Sometimes playing around in the shop can be a lot of fun and lead to all kinds of unexpected discoveries, but it can also lead to some unforeseen blowups and disasters. Your high school chemistry class might be a good source of memories for such experiences where a playful experiment may have gone seriously wrong. A puff of smoke or a broken beaker may have told you to go back and reexamine the steps of the experiment.
Or the kid playing around in his father’s workshop might stumble upon a better way to cut the wood for that doghouse his father is working on. Or perhaps discover a more efficient way to assemble the pieces after they’ve been cut. Outside of any workshop accidents or injuries, the worst that can happen is producing a doghouse that is misshapen and ready for the trash.
But when some kids get a bit older they want to do more than simply help dad build doghouses or make fluorescent Jell-O in their high school chemistry lab. With a few classes of computer programming under their belt, they can try their hand at more sophisticated and adult stuff, like developing malware for a government spy agency.
Wouldn’t it be cool to write a code that hijacks someone’s computer, locks them out, and demands that they send you money, and if they don’t, it destroys all of their data? And the best part? You can do it without risk of arrest or prosecution because you work for the government. How cool is that?
But the consequences of failure at this level of puttering around the lab is much greater than a broken beaker or a puff of smoke. If you don’t guard your malware code carefully and ensure that it doesn’t fall into the wrong hands, you might be putting millions of people around the world at risk. If you are careless with protecting the code, some very bad things can happen, not to you, of course, but to other, innocent people.
Hospitals may not be able to access the records of their patients, delivery companies like FedEx may be unable to deliver urgent, life-sustaining medicines to those most vulnerable, and computer users everywhere around the world will lose data and projects they have spent years working on.
And that is exactly what happened. Hospitals, major companies and government offices were among those that had their computer networks hijacked and taken over by the ransomware. The majority of the attacks targeted Russia, Ukraine and Taiwan. But British hospitals, Chinese universities and international companies like Fedex also reported that their IT networks were affected by the hack.

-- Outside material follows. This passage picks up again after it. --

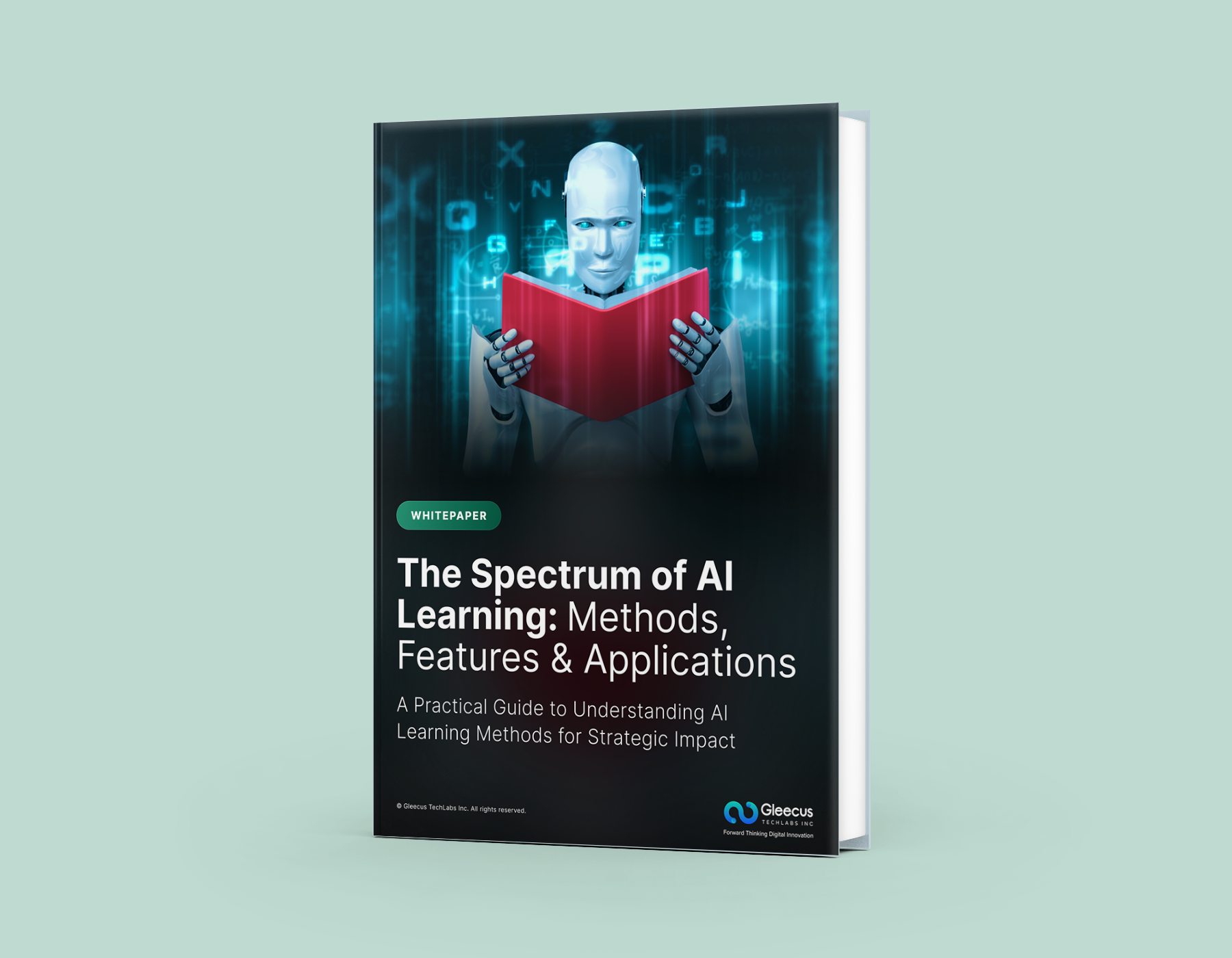 Spectrum of AI Learning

If that’s not enough chaos for your tastes, how about learning that Britain’s Defense Secretary was unable to deny that his country’s Trident nuclear submarines run on the same outdated Microsoft software that is targeted by the malware.

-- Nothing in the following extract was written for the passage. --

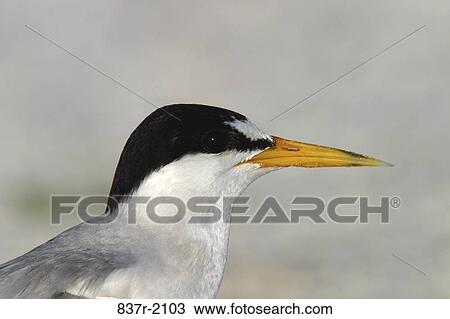 Stock Image - Close-up of a Least Tern. Fotosearch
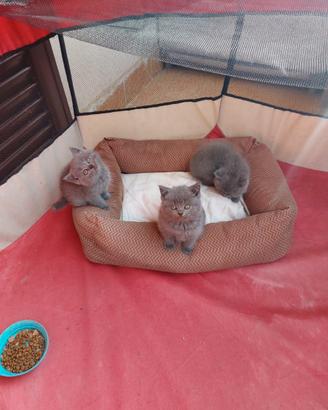 Scottish fold è straight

And this all started in some NSA office with a few government employees trying to find ways to exploit vulnerabilities in the programming code of Microsoft’s XP software. You can never have enough information on everyone so why not exploit a backdoor in one of the most widely used computer operating systems.
With more than 200,000 victims in at least 150 countries reported, it’s difficult to estimate what this little experiment or project may have cost.
But like Dr. Frankenstein’s inability to prepare for the unforeseen consequences of his grotesque creation, the NSA’s carelessness in protecting the public from the monster they created has wreaked havoc everywhere and placed the burden of their recklessness on others.
Vladimir Putin put it succinctly when he described the NSA’s inability to anticipate unexpected results of creating something so dangerous:
“We are fully aware that the genies, in particular, those created by secret services, may harm their own authors and creators, should they be let out of the bottle.”
Although, he was wrong about this genie causing harm to its creators. The creators of this genie over at the NSA are feeling no pangs of guilt or responsibility for creating their monster and have most probably already moved onto the next project listed on their office’s whiteboard.
Whether or not this will teach the NSA to be more careful in the future is hard to say. But a good start would be for the NSA to pick up the tab for every single ransom paid by the victims of their little experiment. That would seem only fair and is something any company guilty of the same level of neglect would do, either voluntarily or court-mandated, to compensate the victims of their gross negligence.
But this is a government agency, one within the national security apparatus, where such rules of fairness and responsibility simply don’t apply. Not even an utterance of “oops” or “my bad” is required here. Working for the NSA means never having to say you’re sorry.